Data excerpt |
===============
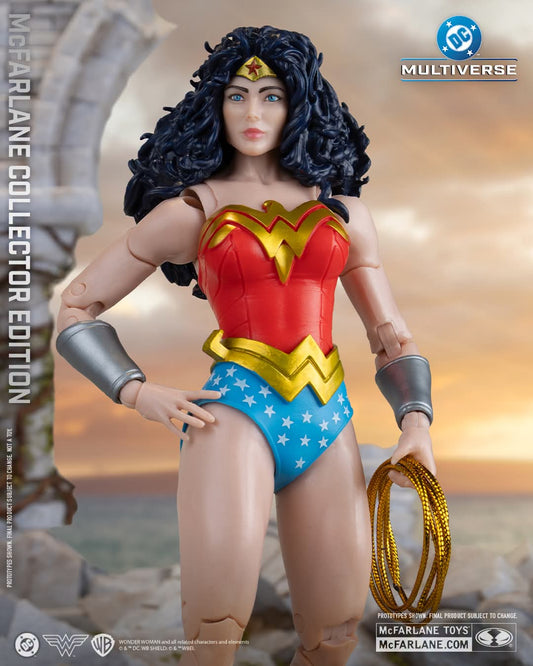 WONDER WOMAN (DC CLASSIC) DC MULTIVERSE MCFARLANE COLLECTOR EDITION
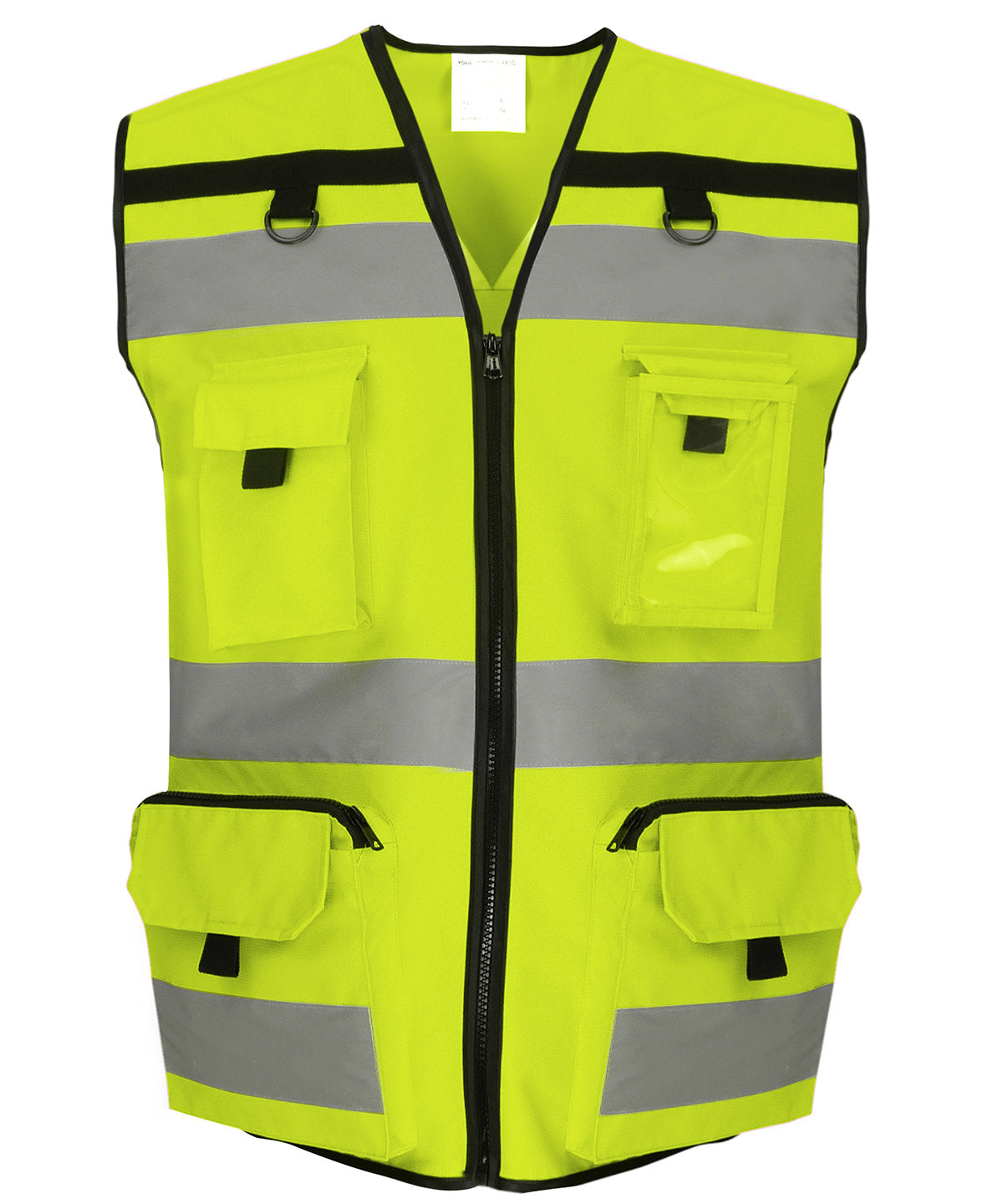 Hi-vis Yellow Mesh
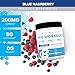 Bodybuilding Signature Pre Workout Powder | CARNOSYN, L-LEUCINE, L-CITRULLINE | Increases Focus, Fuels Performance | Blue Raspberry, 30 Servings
===============
Task description |
The preceding listing is to be restated word for word, with every picture omitted.

Task solution |
 WONDER WOMAN (DC CLASSIC) DC MULTIVERSE MCFARLANE COLLECTOR EDITION
 Hi-vis Yellow Mesh
 Bodybuilding Signature Pre Workout Powder | CARNOSYN, L-LEUCINE, L-CITRULLINE | Increases Focus, Fuels Performance | Blue Raspberry, 30 Servings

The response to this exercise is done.